SOURCE RECORDS:
----

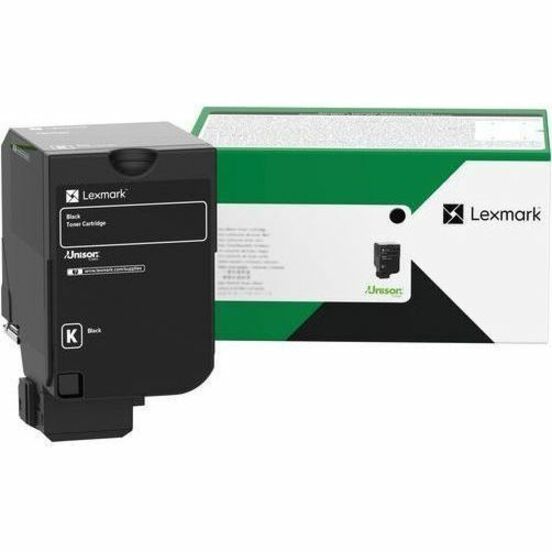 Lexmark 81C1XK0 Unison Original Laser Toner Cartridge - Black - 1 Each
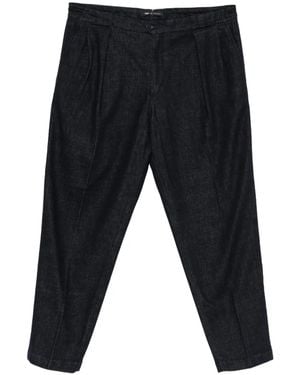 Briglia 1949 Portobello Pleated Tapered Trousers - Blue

----

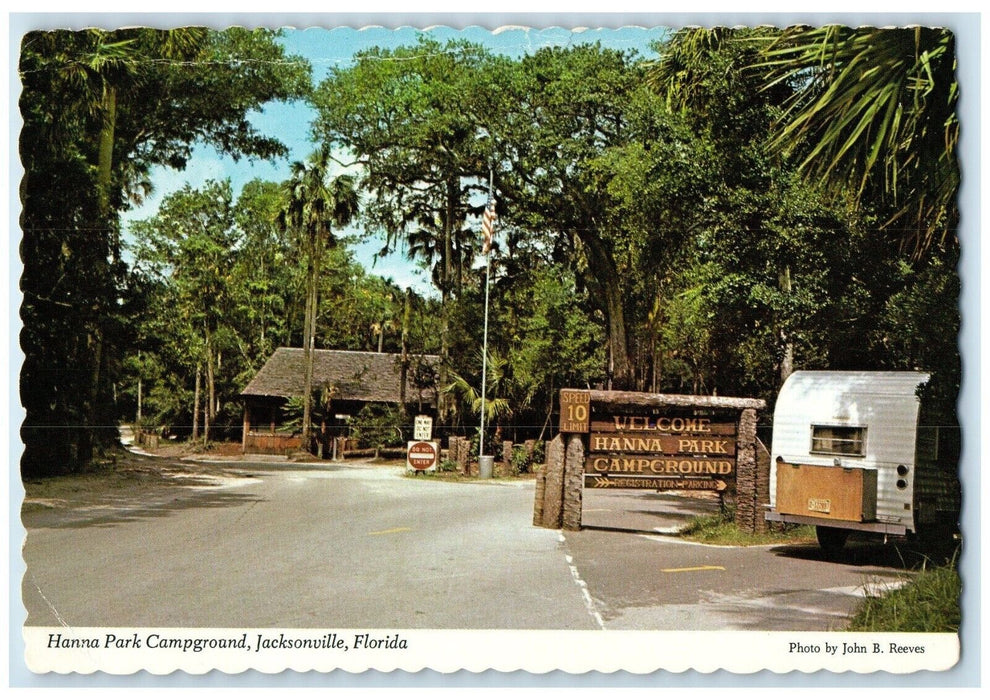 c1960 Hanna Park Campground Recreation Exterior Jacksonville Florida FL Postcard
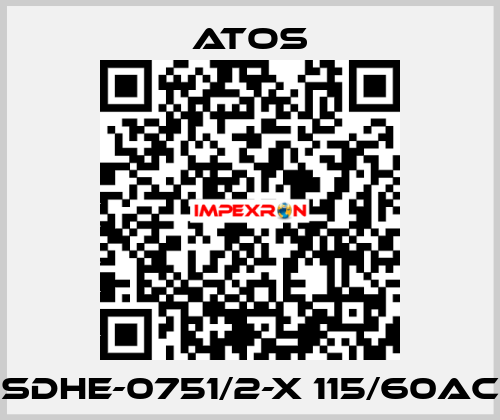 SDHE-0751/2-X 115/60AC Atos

----

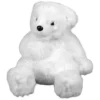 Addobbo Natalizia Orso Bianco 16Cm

----

TASK DETAILS: Exact copy, pictures excluded: from the line with "c1960 Hanna Park" up to and including the line with "SDHE-0751/2-X 115/60AC Atos" in the data above.

RESPONSE:
 c1960 Hanna Park Campground Recreation Exterior Jacksonville Florida FL Postcard
 SDHE-0751/2-X 115/60AC Atos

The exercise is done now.